Crawled caption data:
_ _ _ _ _ _ _

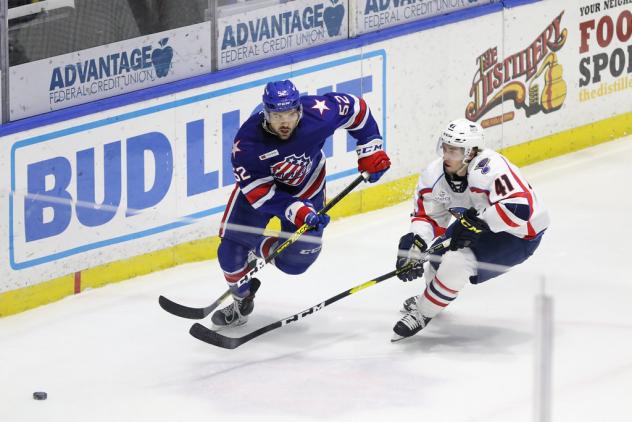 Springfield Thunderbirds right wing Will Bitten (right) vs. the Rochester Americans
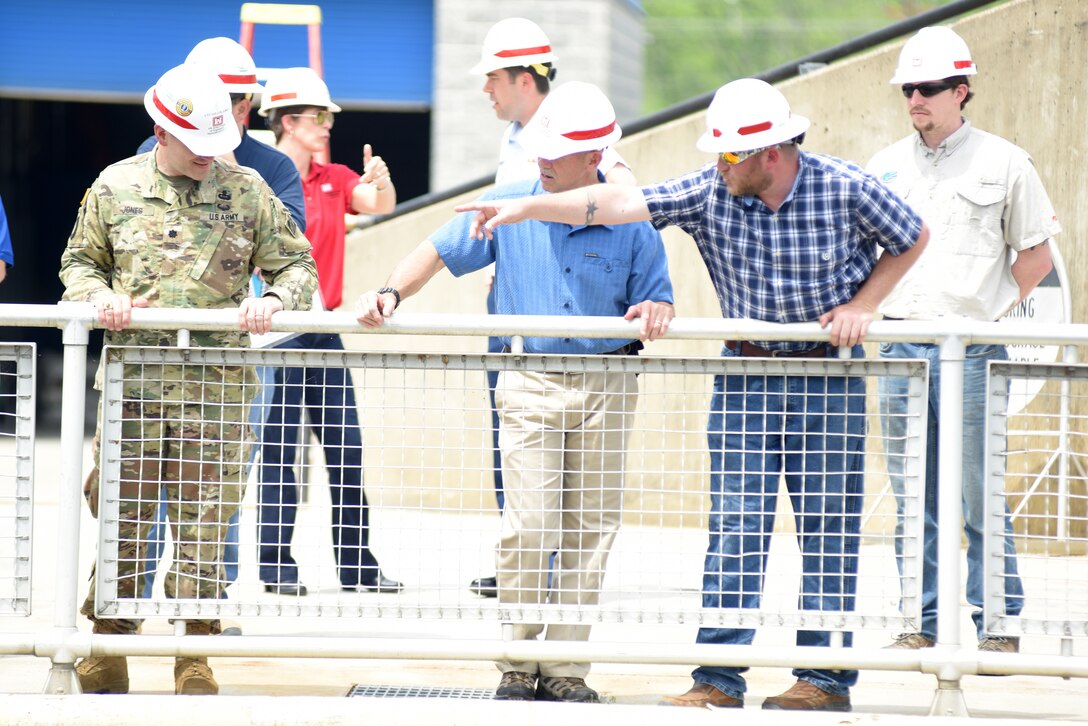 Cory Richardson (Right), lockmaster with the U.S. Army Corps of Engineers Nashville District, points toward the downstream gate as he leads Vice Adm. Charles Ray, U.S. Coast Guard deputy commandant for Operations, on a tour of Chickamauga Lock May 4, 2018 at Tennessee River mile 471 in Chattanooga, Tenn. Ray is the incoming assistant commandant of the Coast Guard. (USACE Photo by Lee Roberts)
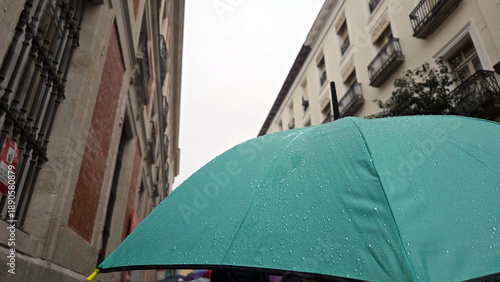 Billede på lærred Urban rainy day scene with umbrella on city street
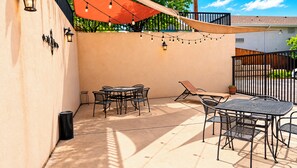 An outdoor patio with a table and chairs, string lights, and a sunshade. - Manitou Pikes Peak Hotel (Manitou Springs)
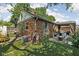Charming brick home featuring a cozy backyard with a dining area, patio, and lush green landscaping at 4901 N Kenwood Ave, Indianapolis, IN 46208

_ _ _ _ _ _ _

• _TASK DIRECTIONS_: Begin with the first line of the entries above and write out each line exactly, ending with the line containing "An outdoor patio". Leave out pictures.

• _SOLUTION FOR THIS EXERCISE_:
 Springfield Thunderbirds right wing Will Bitten (right) vs. the Rochester Americans
 Cory Richardson (Right), lockmaster with the U.S. Army Corps of Engineers Nashville District, points toward the downstream gate as he leads Vice Adm. Charles Ray, U.S. Coast Guard deputy commandant for Operations, on a tour of Chickamauga Lock May 4, 2018 at Tennessee River mile 471 in Chattanooga, Tenn. Ray is the incoming assistant commandant of the Coast Guard. (USACE Photo by Lee Roberts)
 Billede på lærred Urban rainy day scene with umbrella on city street
 An outdoor patio with a table and chairs, string lights, and a sunshade. - Manitou Pikes Peak Hotel (Manitou Springs)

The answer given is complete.